= EXERCISE BRIEF =
Exact repetition of a range: find the line containing "A Bathing Ape" and the line containing "Groovy Psychedelic Flower" in the material below, then repeat both and all lines between them, leaving pictures out.

= RECORDED DATA =
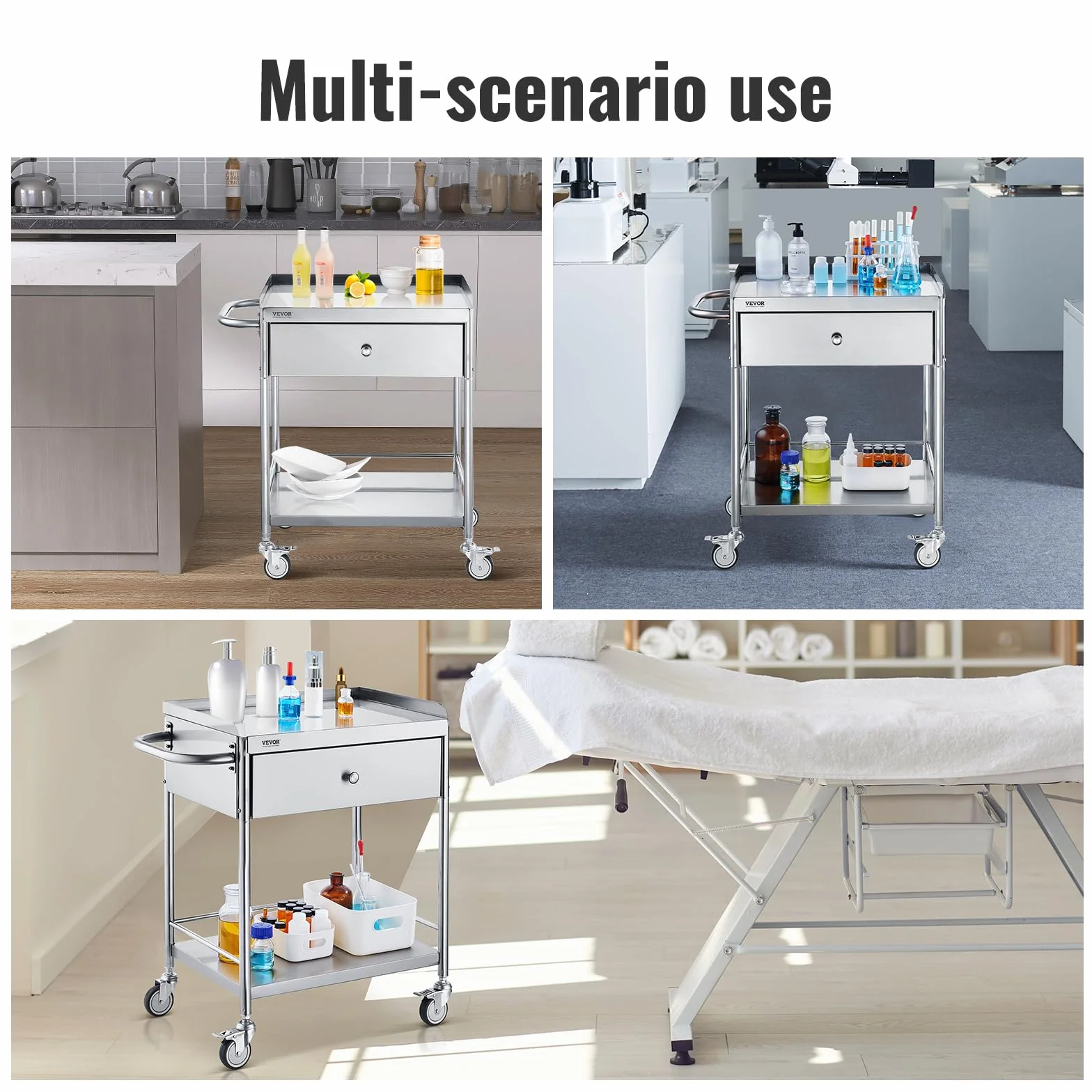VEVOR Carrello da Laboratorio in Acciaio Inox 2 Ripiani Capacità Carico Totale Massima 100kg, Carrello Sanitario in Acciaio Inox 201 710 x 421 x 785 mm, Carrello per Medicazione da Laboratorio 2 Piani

---

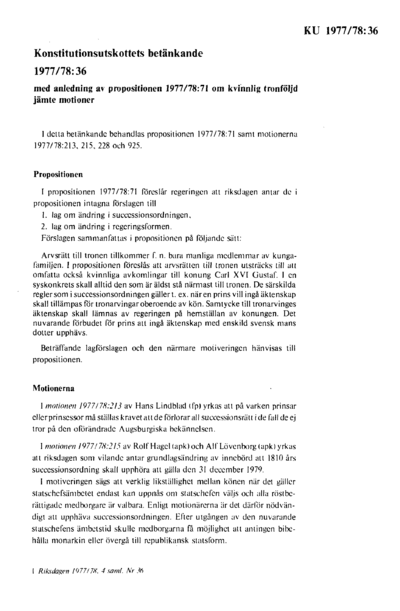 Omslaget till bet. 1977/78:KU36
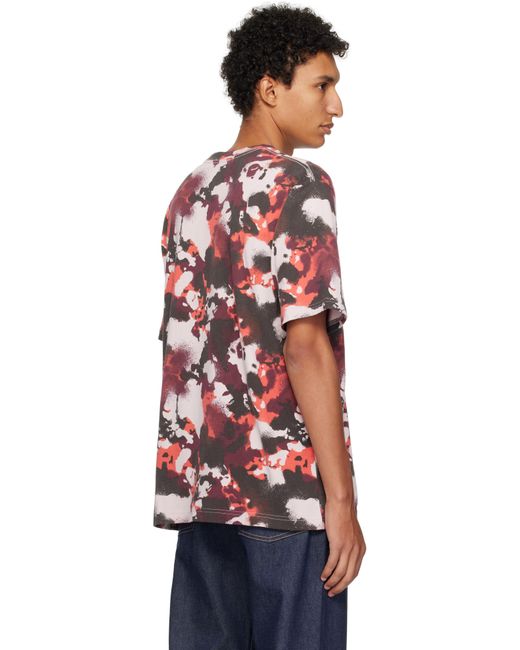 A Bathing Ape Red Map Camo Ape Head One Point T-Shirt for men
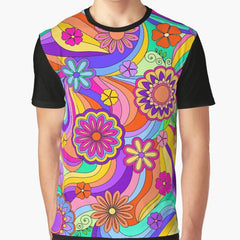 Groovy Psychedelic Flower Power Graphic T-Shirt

==

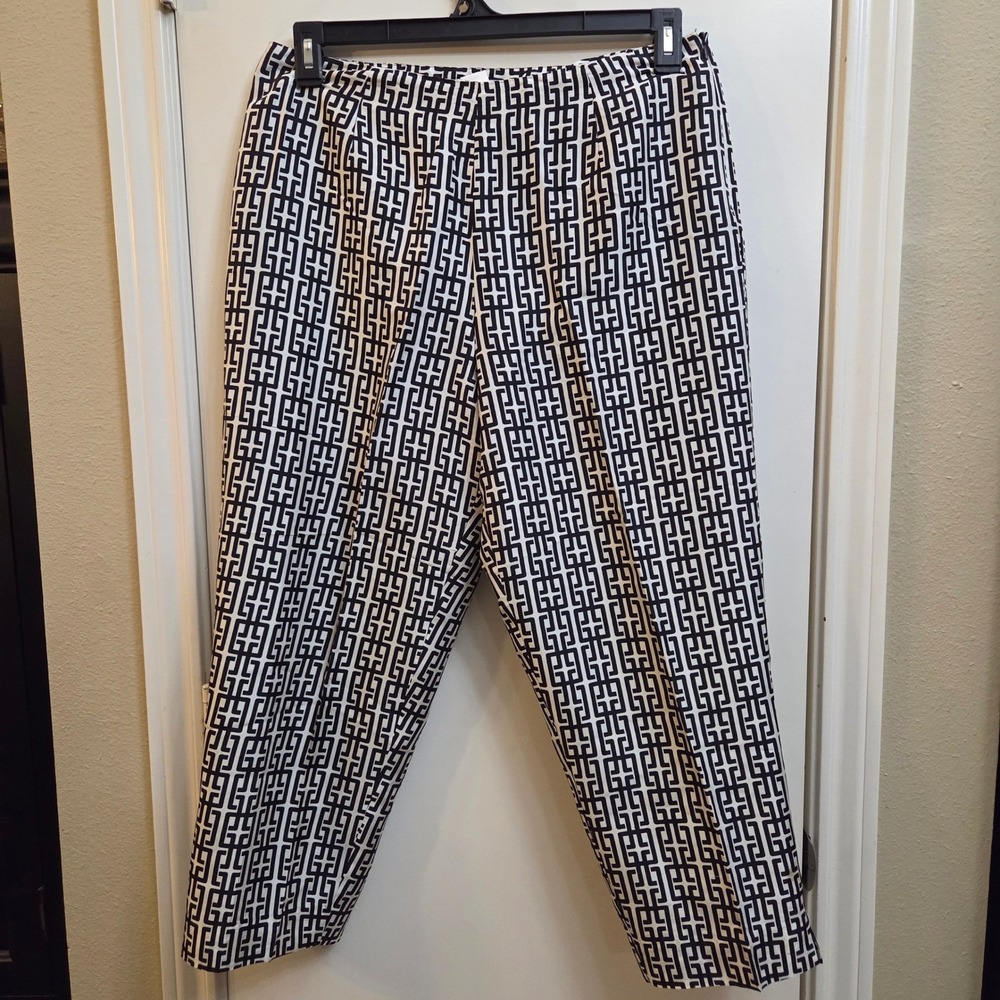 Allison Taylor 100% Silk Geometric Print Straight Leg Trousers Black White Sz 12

= RESPONSE FOR THIS EXERCISE =
 A Bathing Ape Red Map Camo Ape Head One Point T-Shirt for men
 Groovy Psychedelic Flower Power Graphic T-Shirt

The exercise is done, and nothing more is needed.